[[ Provided entries open ]]

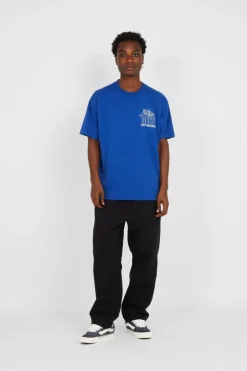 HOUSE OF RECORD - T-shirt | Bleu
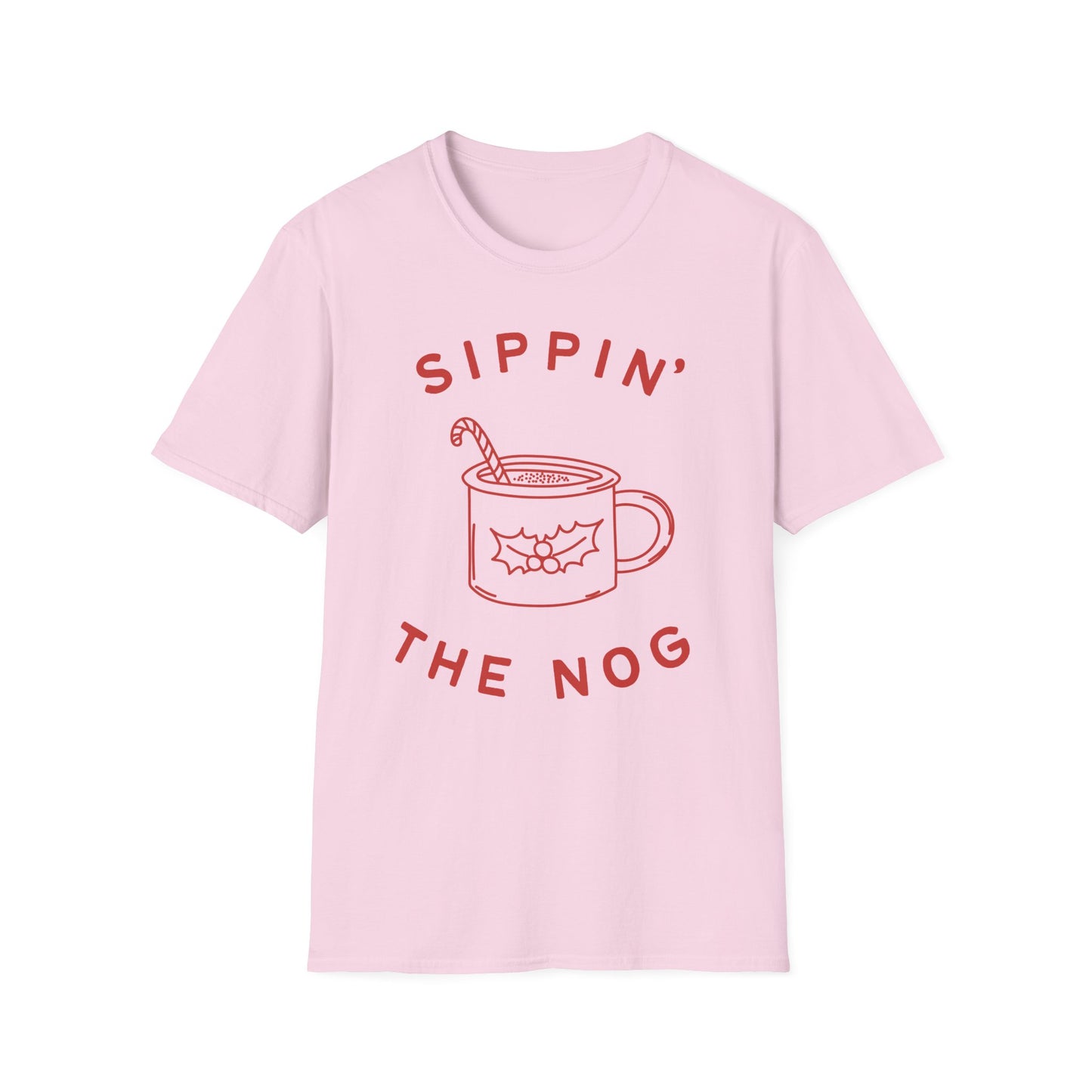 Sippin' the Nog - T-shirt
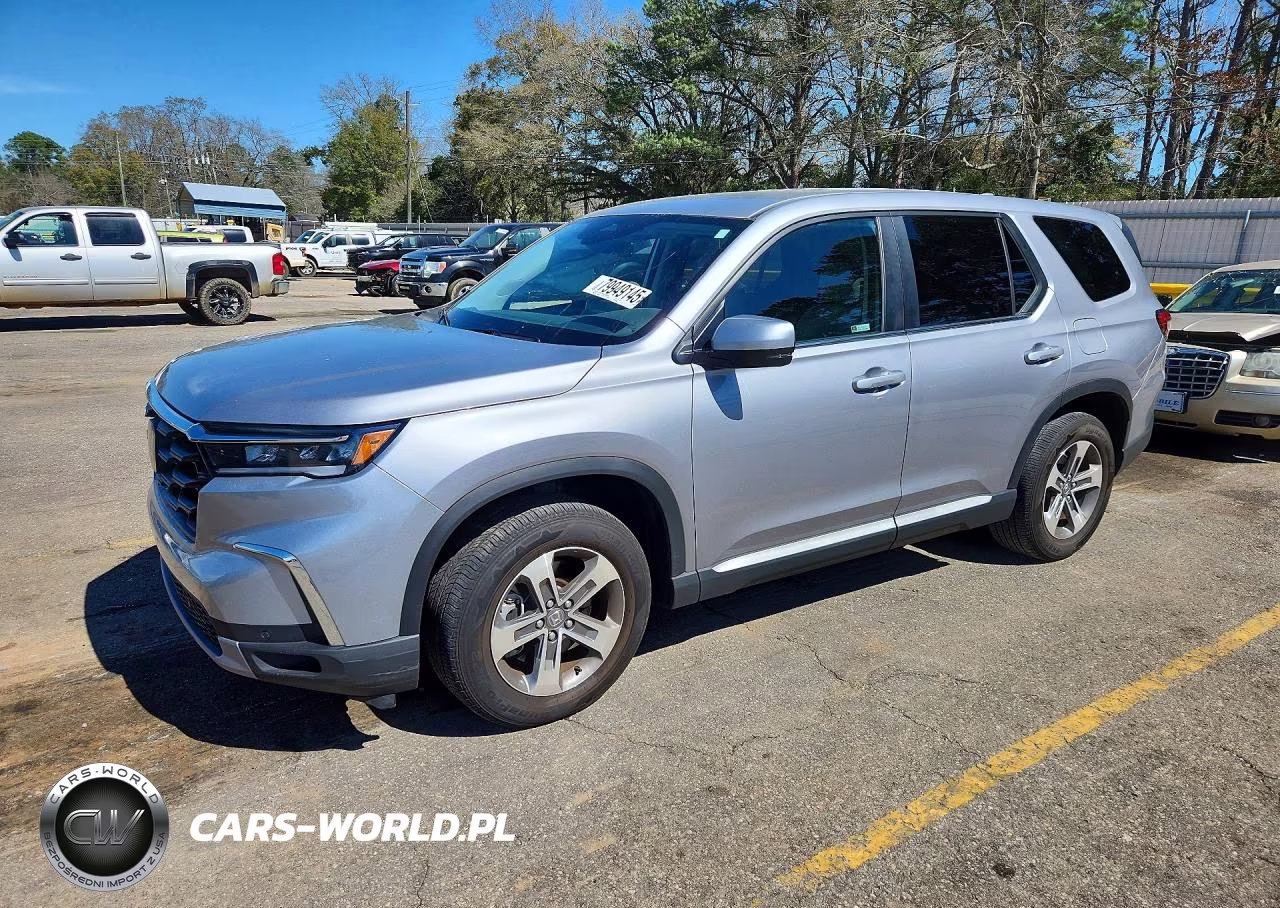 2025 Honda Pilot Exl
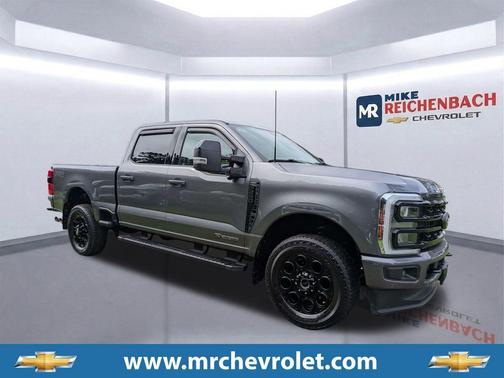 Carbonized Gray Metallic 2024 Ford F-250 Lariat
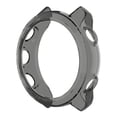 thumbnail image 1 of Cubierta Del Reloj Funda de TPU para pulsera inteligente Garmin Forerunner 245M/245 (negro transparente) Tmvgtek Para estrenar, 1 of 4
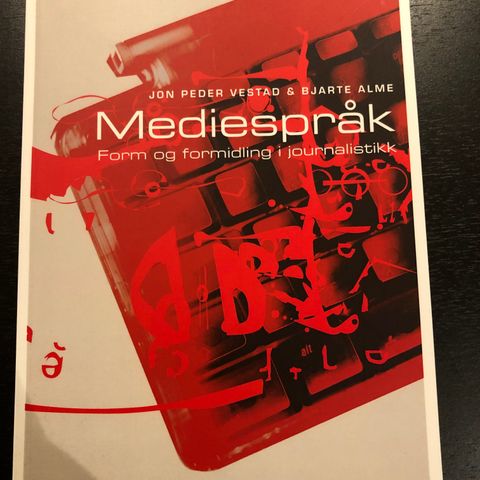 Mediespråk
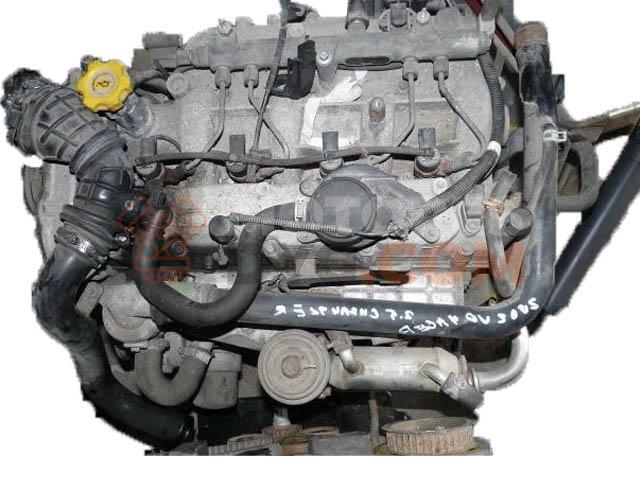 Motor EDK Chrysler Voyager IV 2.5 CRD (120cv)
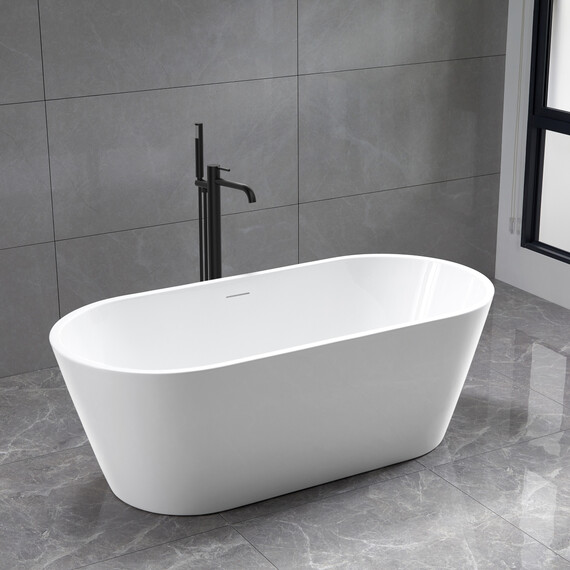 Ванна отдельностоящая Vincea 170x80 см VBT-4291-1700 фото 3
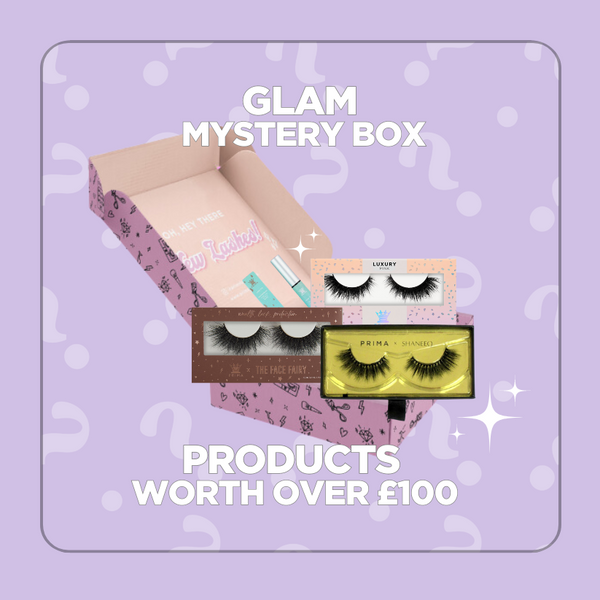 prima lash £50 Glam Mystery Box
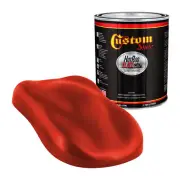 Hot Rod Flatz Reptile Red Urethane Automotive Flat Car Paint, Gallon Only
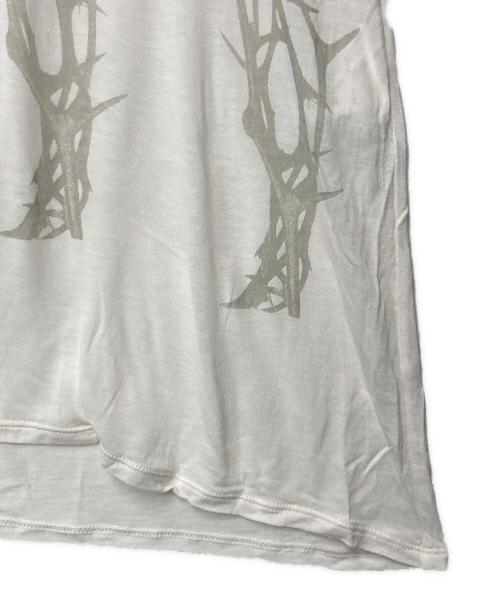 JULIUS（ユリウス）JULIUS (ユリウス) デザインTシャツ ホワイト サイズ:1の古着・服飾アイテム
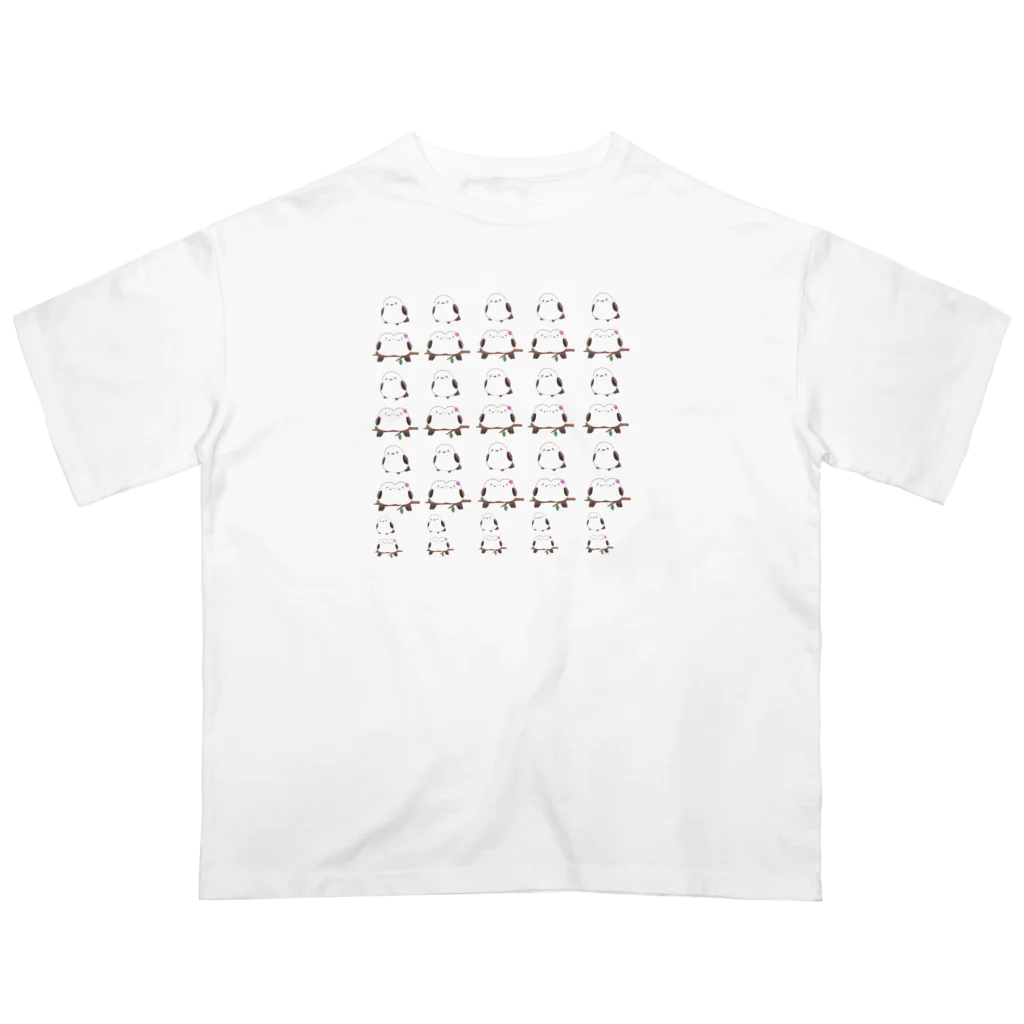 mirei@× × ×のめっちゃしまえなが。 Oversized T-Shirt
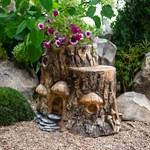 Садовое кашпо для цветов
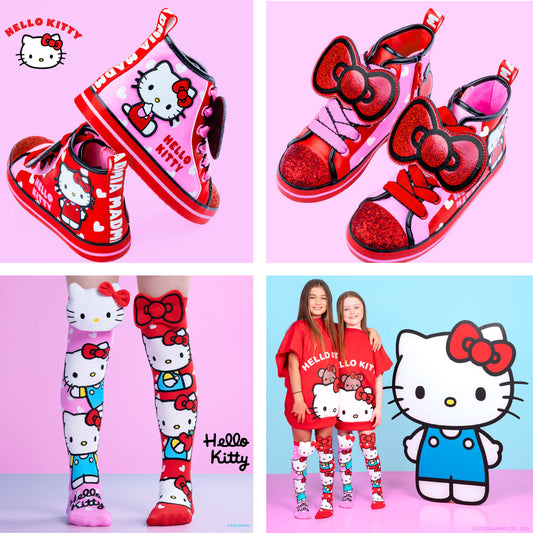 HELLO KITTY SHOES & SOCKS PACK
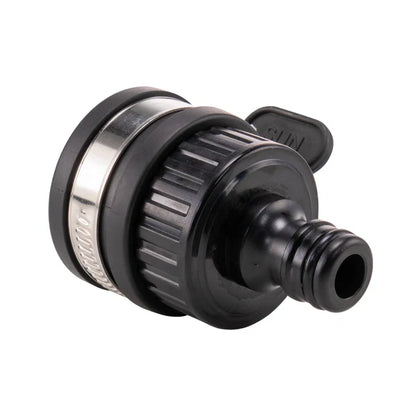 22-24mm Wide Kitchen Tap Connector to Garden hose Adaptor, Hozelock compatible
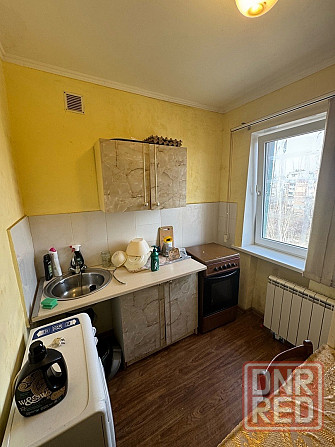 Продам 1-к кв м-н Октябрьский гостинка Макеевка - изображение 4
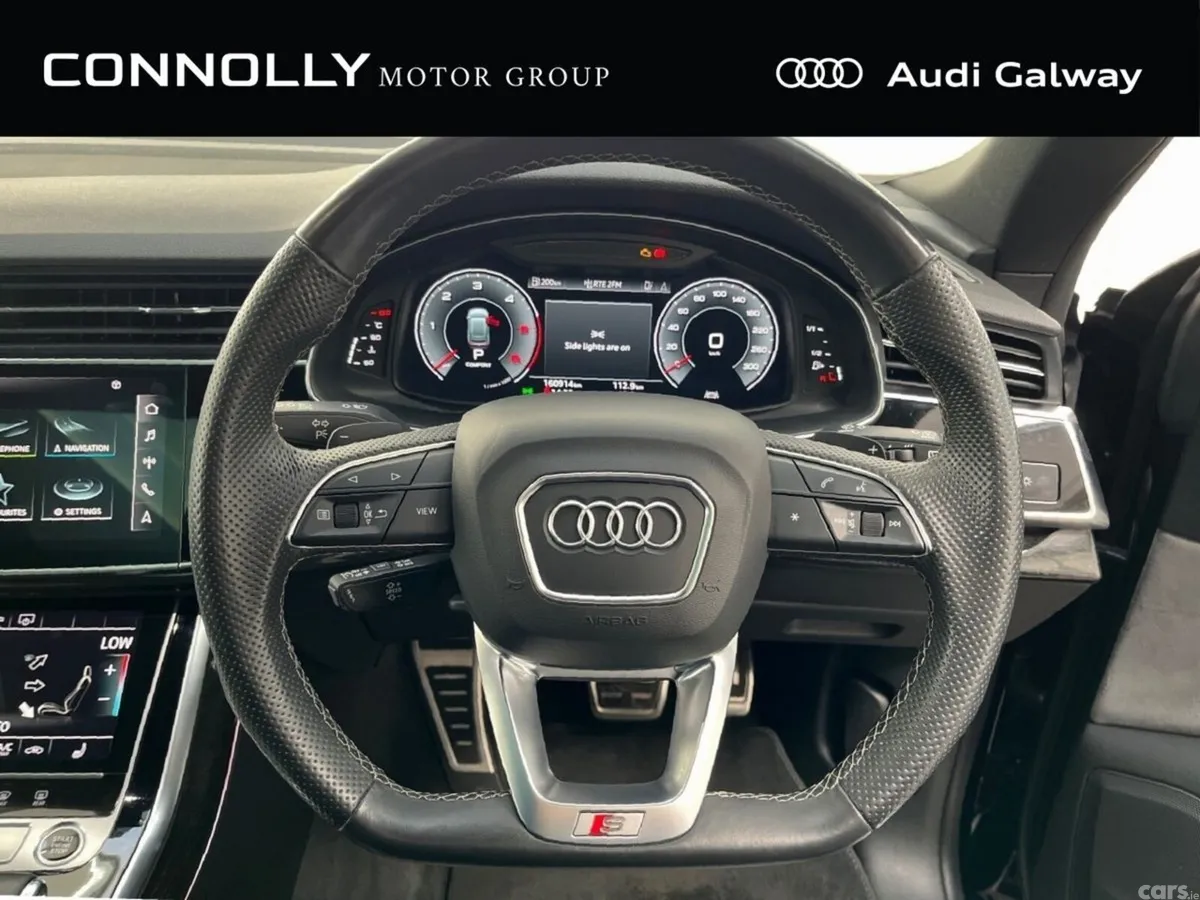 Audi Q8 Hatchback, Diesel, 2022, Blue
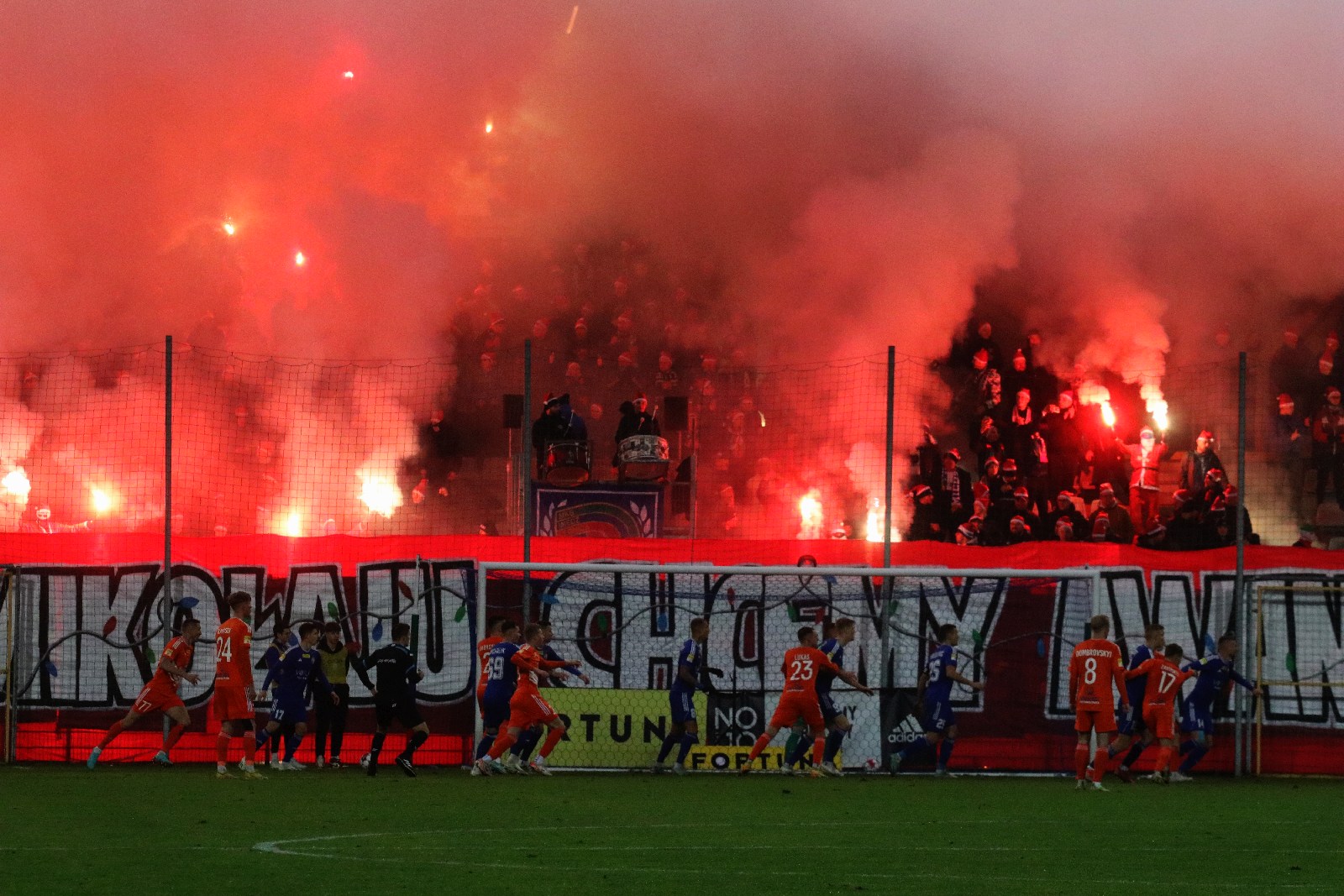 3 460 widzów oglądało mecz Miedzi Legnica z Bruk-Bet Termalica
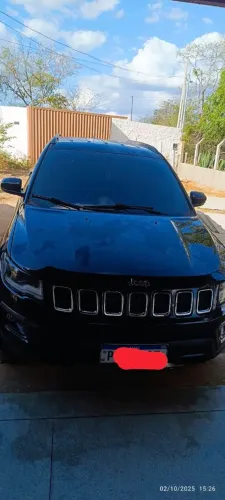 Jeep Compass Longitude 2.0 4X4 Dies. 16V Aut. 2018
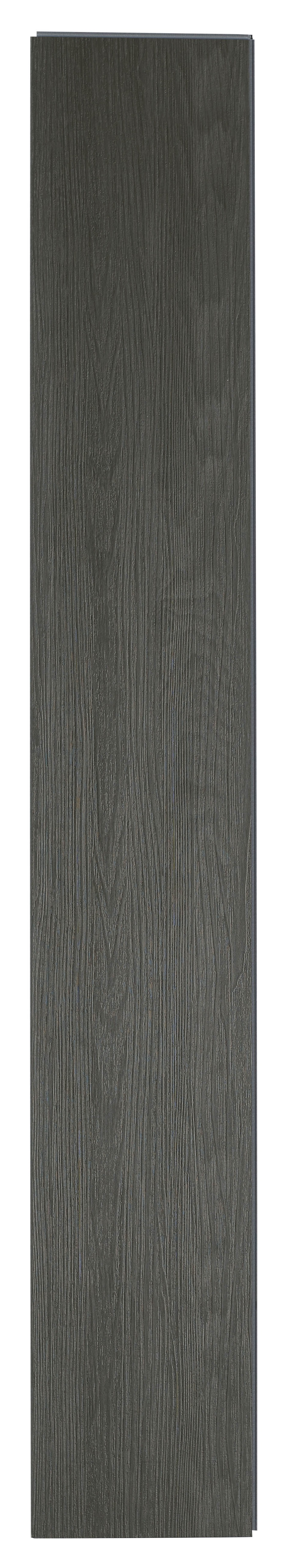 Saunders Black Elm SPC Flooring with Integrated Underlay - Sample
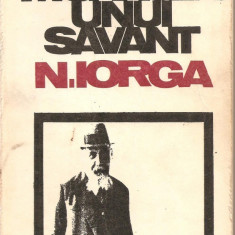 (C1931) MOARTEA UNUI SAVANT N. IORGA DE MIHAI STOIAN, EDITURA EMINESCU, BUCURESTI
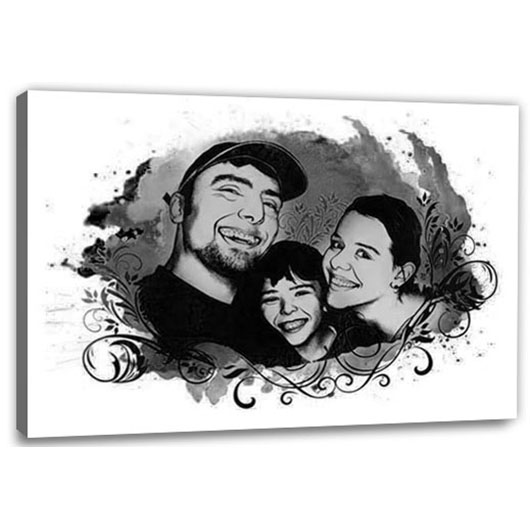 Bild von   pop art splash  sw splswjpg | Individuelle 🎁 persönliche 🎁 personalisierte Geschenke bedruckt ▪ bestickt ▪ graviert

[[ Provided entries closed ]]

Exercise ▸ Give the data again word for word, without images.

Written answer ▸
 HOUSE OF RECORD - T-shirt | Bleu
 Sippin' the Nog - T-shirt
 2025 Honda Pilot Exl
 Carbonized Gray Metallic 2024 Ford F-250 Lariat
 thumbnail image 1 of Cubierta Del Reloj Funda de TPU para pulsera inteligente Garmin Forerunner 245M/245 (negro transparente) Tmvgtek Para estrenar, 1 of 4
 Mediespråk
 Motor EDK Chrysler Voyager IV 2.5 CRD (120cv)
 Ванна отдельностоящая Vincea 170x80 см VBT-4291-1700 фото 3
 prima lash £50 Glam Mystery Box
 Hot Rod Flatz Reptile Red Urethane Automotive Flat Car Paint, Gallon Only
 JULIUS（ユリウス）JULIUS (ユリウス) デザインTシャツ ホワイト サイズ:1の古着・服飾アイテム
 mirei@× × ×のめっちゃしまえなが。 Oversized T-Shirt
 Садовое кашпо для цветов
 HELLO KITTY SHOES & SOCKS PACK
 22-24mm Wide Kitchen Tap Connector to Garden hose Adaptor, Hozelock compatible
 Продам 1-к кв м-н Октябрьский гостинка Макеевка - изображение 4
 Audi Q8 Hatchback, Diesel, 2022, Blue
 3 460 widzów oglądało mecz Miedzi Legnica z Bruk-Bet Termalica
 Jeep Compass Longitude 2.0 4X4 Dies. 16V Aut. 2018
 Saunders Black Elm SPC Flooring with Integrated Underlay - Sample
 (C1931) MOARTEA UNUI SAVANT N. IORGA DE MIHAI STOIAN, EDITURA EMINESCU, BUCURESTI
 Bild von   pop art splash  sw splswjpg | Individuelle 🎁 persönliche 🎁 personalisierte Geschenke bedruckt ▪ bestickt ▪ graviert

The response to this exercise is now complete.